METHODS: Seventy-eight patients (44 females, mean age 63, range 44-83) underwent whole body 18F-NaF positron emission tomography/computed tomography. Cardiovascular risk (CVR) was used to divide these patients in three categories: Low (LR), medium (MR) and high risk (HR). 18F-NaF uptake was measured by manually drawing volumes of interest on the ascending aorta, on the aortic arch, on the descending aorta and on the myocardium; average standardized uptake value was normalized for blood-pool, to obtain target-to-background ratio (TBR). Values from the three aortic segments were then averaged to obtain an index of the whole thoracic aorta.

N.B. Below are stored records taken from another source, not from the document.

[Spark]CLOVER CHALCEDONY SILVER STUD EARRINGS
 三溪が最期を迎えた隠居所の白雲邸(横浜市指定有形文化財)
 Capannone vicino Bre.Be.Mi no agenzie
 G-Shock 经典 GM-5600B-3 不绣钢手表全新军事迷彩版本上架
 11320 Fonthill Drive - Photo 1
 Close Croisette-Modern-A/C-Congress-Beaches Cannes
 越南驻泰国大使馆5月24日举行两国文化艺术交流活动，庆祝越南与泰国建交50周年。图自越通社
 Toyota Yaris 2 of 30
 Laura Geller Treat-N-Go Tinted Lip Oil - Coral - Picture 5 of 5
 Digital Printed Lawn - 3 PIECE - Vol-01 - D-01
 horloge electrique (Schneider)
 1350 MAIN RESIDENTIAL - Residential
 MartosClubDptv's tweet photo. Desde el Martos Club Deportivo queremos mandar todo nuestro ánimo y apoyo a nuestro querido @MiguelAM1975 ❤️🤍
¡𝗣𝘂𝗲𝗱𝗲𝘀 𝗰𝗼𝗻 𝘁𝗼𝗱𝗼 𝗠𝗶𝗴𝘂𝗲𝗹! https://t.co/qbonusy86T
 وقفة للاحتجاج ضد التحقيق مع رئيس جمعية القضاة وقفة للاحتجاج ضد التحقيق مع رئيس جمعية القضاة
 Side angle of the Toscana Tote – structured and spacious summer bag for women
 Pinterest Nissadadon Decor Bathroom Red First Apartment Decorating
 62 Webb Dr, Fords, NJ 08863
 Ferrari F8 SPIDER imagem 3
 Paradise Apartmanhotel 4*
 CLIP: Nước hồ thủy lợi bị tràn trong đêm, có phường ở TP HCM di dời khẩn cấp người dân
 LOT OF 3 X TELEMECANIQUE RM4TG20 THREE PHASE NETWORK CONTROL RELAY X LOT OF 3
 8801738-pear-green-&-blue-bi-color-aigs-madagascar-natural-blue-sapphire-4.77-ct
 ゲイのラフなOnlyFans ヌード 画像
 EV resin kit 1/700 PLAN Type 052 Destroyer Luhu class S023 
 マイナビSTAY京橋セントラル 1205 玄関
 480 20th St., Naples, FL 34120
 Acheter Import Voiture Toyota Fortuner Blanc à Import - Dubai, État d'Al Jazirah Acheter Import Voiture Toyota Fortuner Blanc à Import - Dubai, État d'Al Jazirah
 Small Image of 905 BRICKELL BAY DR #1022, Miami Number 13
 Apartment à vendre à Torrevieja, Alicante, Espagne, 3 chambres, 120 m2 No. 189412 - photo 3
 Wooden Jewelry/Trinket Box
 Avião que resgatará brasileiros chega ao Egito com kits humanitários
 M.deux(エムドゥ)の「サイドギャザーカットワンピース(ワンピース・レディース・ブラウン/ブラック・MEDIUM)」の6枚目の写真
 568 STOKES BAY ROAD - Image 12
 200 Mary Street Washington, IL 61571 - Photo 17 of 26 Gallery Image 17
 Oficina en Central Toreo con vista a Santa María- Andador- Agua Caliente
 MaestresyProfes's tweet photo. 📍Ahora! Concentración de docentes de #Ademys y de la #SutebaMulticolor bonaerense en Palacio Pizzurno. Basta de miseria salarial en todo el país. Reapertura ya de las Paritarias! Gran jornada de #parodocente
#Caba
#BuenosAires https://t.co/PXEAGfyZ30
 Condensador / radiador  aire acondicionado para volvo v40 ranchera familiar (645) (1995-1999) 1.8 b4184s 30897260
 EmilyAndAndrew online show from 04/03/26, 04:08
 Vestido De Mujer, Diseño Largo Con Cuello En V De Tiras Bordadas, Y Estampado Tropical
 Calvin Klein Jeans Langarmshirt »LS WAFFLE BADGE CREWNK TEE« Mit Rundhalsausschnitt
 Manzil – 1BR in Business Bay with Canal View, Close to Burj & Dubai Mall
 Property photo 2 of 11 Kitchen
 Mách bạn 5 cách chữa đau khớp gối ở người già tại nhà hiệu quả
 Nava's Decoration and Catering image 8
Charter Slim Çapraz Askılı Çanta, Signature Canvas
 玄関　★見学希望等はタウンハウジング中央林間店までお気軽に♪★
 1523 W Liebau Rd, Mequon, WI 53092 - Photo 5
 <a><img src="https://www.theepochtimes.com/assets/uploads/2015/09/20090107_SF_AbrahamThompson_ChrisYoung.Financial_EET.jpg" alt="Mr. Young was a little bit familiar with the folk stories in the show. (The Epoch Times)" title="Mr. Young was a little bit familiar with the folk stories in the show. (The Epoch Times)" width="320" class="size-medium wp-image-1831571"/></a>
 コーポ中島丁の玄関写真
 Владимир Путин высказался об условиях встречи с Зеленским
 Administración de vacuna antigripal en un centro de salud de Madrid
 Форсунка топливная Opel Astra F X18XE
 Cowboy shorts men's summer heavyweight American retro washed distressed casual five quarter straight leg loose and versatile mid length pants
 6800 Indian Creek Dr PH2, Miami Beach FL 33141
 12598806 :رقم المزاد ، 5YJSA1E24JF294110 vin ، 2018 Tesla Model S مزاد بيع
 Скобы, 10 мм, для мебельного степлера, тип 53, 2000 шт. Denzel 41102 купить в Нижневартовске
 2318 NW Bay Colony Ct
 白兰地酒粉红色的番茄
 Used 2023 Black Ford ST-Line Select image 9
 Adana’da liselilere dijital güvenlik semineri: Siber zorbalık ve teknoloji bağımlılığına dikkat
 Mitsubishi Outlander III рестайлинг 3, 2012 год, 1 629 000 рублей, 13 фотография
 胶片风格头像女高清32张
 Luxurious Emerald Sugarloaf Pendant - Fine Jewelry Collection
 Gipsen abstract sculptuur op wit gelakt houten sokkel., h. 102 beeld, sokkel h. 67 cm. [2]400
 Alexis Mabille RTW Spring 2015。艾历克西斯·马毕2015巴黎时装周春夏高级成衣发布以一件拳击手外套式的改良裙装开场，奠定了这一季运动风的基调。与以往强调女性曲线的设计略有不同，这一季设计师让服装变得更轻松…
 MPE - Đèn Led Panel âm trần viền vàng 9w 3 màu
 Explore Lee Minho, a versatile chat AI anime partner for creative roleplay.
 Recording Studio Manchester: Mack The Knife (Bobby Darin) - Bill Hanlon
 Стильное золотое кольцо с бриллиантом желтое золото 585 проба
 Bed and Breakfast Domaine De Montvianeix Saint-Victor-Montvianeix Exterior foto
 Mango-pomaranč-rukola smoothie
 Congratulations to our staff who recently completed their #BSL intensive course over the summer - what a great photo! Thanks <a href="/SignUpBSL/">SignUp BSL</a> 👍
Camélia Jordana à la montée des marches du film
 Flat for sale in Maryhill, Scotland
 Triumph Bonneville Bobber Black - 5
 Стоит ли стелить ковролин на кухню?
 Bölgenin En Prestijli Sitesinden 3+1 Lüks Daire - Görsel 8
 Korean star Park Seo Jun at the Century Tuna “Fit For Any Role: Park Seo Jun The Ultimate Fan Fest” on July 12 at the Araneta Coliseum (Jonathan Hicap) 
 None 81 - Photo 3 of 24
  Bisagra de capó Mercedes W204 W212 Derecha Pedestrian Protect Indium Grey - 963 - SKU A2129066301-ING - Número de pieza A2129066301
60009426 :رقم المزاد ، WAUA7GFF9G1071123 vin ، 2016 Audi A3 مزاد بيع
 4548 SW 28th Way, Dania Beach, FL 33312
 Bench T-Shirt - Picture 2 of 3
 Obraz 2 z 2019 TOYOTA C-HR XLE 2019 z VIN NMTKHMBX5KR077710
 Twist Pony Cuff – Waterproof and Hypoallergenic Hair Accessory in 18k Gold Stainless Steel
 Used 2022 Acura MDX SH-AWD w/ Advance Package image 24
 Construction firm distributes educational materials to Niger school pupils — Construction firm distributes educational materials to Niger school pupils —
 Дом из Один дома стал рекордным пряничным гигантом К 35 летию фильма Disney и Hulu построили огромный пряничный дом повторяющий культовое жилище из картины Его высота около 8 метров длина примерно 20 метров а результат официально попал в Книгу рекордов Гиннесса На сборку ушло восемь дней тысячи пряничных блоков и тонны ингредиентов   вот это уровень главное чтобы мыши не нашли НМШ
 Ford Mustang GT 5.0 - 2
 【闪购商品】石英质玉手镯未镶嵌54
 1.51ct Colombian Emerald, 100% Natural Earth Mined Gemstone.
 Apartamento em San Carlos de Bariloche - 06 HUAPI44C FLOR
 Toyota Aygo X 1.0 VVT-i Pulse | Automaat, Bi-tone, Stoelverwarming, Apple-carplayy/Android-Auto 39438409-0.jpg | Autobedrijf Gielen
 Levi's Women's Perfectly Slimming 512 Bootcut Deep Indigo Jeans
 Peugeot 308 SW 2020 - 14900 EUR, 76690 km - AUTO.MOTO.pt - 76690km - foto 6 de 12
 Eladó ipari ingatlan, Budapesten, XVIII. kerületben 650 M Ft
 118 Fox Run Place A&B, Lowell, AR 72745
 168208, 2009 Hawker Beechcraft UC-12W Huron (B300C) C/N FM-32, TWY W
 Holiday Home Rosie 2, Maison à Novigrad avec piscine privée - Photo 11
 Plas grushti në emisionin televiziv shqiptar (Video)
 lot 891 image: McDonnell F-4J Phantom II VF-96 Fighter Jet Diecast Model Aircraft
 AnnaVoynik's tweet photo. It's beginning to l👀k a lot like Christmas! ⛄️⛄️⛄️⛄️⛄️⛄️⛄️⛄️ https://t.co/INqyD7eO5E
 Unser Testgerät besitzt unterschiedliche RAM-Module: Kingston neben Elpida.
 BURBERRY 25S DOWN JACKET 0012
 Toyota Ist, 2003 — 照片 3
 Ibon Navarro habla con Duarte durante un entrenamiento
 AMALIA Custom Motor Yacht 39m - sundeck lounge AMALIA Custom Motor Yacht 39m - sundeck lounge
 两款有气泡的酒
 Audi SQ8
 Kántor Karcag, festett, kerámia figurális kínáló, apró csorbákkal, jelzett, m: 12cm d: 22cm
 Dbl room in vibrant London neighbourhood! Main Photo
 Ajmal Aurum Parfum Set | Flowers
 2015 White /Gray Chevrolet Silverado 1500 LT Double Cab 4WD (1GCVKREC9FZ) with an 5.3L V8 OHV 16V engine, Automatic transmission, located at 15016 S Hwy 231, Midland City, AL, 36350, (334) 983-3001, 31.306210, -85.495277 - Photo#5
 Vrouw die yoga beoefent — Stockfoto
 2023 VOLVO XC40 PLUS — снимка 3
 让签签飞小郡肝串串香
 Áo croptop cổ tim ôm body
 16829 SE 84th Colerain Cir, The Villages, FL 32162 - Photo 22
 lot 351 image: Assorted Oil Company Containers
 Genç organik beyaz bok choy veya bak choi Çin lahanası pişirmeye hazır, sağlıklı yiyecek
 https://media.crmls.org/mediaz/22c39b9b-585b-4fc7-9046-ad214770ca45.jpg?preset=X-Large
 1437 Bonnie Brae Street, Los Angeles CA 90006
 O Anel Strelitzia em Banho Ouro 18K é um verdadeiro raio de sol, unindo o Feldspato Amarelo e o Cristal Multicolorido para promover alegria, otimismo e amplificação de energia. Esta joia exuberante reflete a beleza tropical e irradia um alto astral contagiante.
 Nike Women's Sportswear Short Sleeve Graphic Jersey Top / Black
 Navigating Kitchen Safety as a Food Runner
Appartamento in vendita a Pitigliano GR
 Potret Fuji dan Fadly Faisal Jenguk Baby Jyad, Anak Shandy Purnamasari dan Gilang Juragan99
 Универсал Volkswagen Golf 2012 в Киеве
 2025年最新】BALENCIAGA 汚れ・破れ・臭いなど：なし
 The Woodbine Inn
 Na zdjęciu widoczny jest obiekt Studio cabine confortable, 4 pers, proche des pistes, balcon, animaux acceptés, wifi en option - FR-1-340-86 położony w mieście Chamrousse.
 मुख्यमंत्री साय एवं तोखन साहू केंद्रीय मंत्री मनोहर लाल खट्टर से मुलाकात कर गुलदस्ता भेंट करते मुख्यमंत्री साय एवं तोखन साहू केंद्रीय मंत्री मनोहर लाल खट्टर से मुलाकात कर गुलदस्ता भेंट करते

RESULTS: A significant difference in whole thoracic aorta TBR was detected between HR and LR (1.84 ± 0.76 vs 1.07 ± 0.3, P < 0.001), but also between MR and HR-LR (1.4 ± 0.4, P < 0.02 and P < 0.01, respectively). Significance of this TBR stratification strongly varied among thoracic aorta subsegments and the lowest P values were reached in the descending aorta (P < 0.01). Myocardial uptake provided an effective CVR classes stratification (P < 0.001).Correlation between TBR and CVR was appreciable when the whole thoracic aorta was considered (R = 0.67), but it peaked when correlating the descending thoracic segment (R = 0.75), in comparison with the aortic arch and the ascending segment (R = 0.55 and 0.53, respectively).
CONCLUSION: Fluoride uptake within the thoracic aorta wall effectively depicts patients’ risk class and correlates with cardiovascular risk. Descending aorta is the most effective in CVR determination.